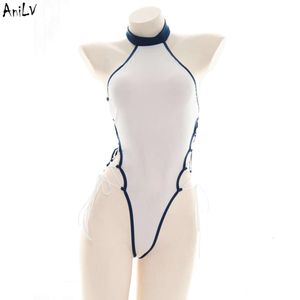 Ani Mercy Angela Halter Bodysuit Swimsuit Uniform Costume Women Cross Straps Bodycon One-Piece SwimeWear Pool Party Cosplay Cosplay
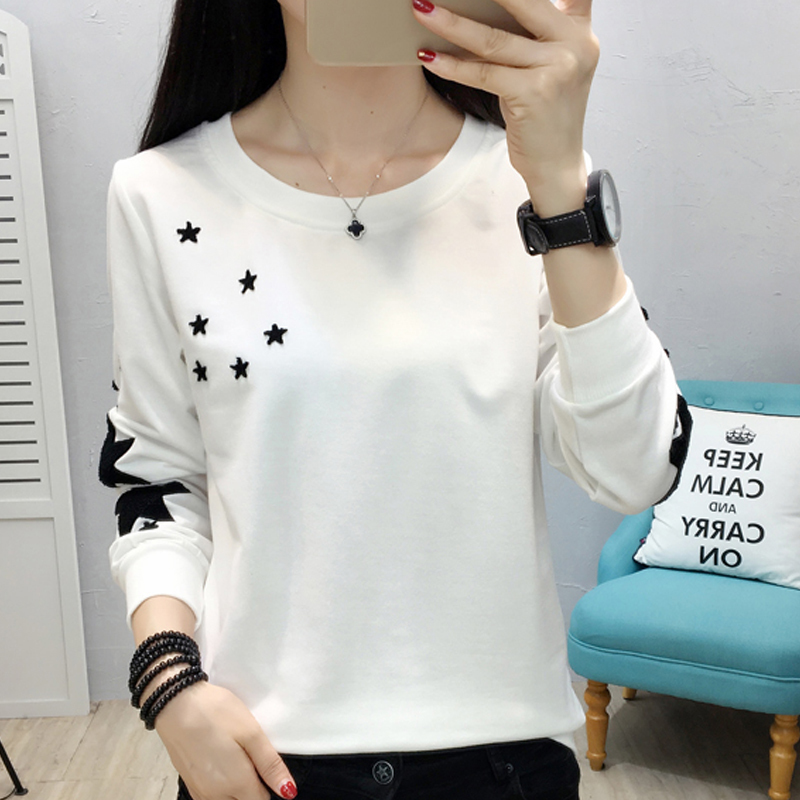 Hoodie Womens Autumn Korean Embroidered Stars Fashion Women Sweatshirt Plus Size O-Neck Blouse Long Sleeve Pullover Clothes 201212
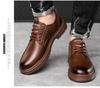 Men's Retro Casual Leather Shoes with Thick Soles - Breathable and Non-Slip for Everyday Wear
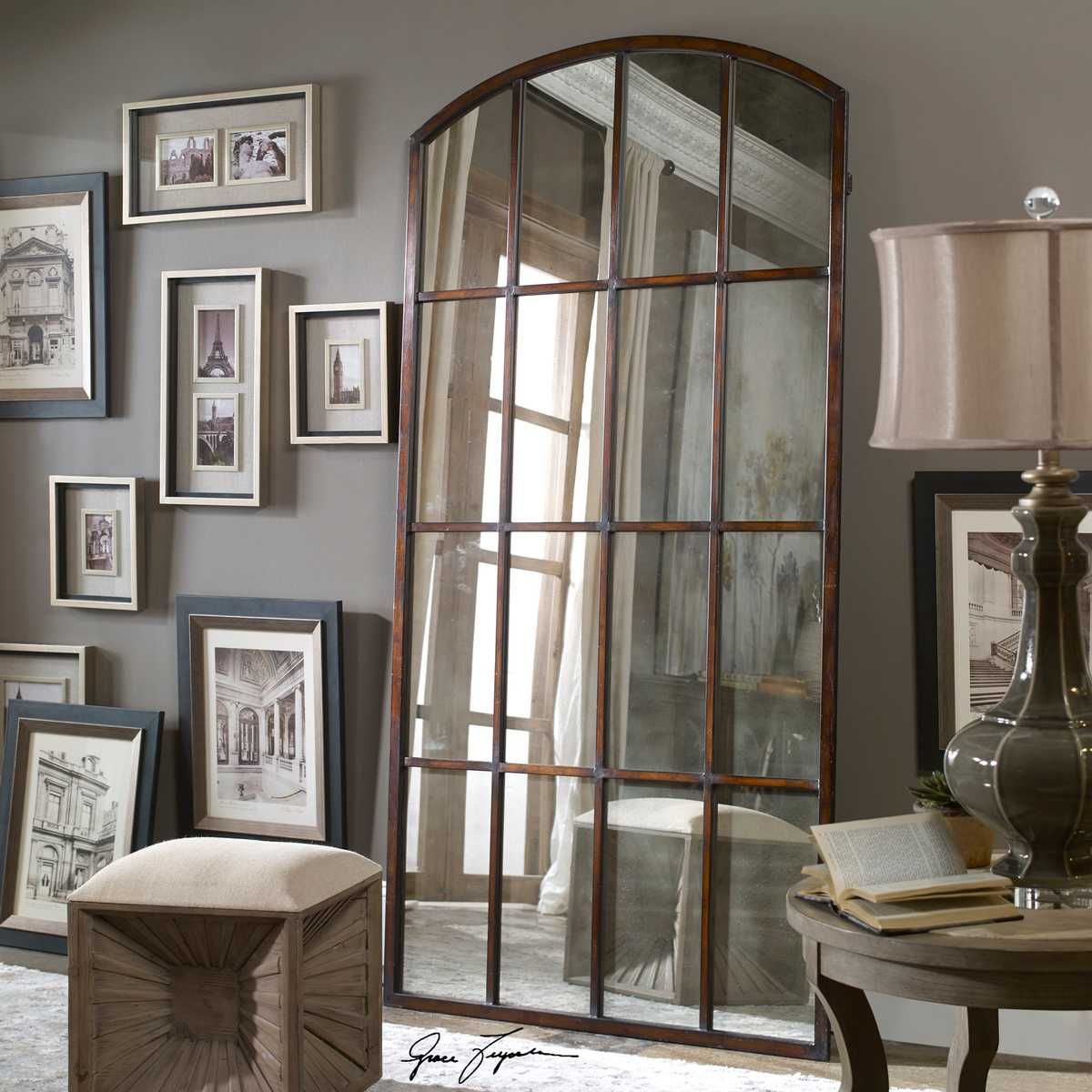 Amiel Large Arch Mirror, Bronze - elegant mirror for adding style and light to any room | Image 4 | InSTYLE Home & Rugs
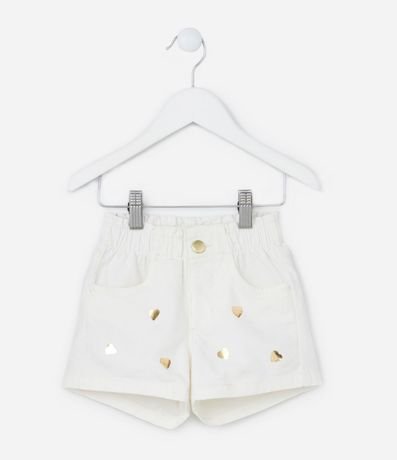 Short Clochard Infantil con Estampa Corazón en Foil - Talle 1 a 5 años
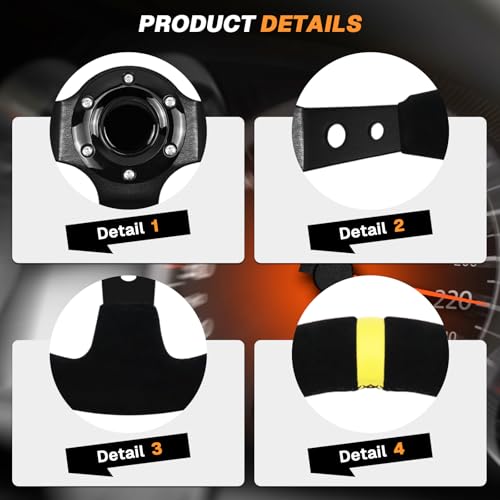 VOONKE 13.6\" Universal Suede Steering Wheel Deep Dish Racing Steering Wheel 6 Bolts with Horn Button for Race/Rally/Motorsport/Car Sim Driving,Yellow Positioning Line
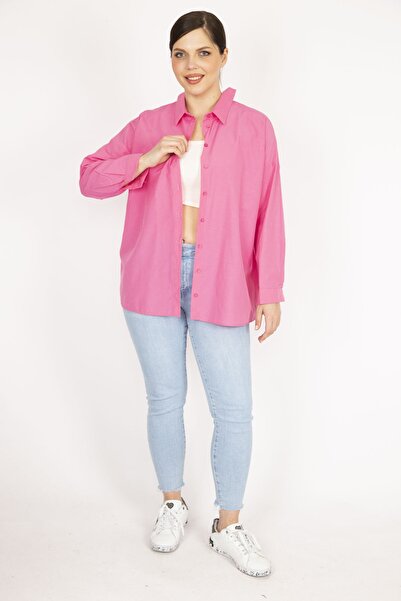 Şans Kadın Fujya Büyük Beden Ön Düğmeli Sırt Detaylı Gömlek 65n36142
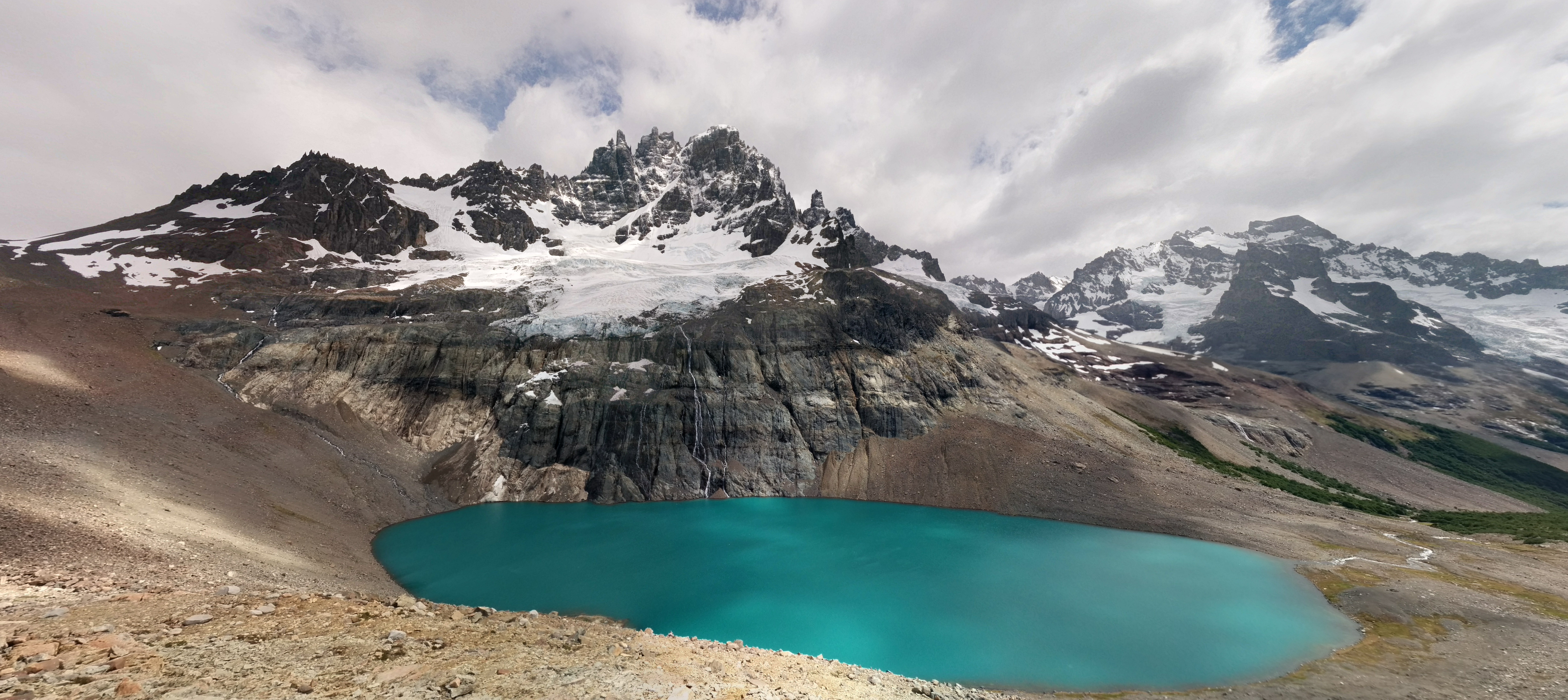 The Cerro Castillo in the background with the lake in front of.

ASSIGNED TASK: All of the records need to be restated word for word, but not the pictures.

YOUR SOLUTION:
 Ani Mercy Angela Halter Bodysuit Swimsuit Uniform Costume Women Cross Straps Bodycon One-Piece SwimeWear Pool Party Cosplay Cosplay
 Hoodie Womens Autumn Korean Embroidered Stars Fashion Women Sweatshirt Plus Size O-Neck Blouse Long Sleeve Pullover Clothes 201212
 Men's Retro Casual Leather Shoes with Thick Soles - Breathable and Non-Slip for Everyday Wear
 Amiel Large Arch Mirror, Bronze - elegant mirror for adding style and light to any room | Image 4 | InSTYLE Home & Rugs
 Short Clochard Infantil con Estampa Corazón en Foil - Talle 1 a 5 años
 VOONKE 13.6\" Universal Suede Steering Wheel Deep Dish Racing Steering Wheel 6 Bolts with Horn Button for Race/Rally/Motorsport/Car Sim Driving,Yellow Positioning Line
 Şans Kadın Fujya Büyük Beden Ön Düğmeli Sırt Detaylı Gömlek 65n36142
 The Cerro Castillo in the background with the lake in front of.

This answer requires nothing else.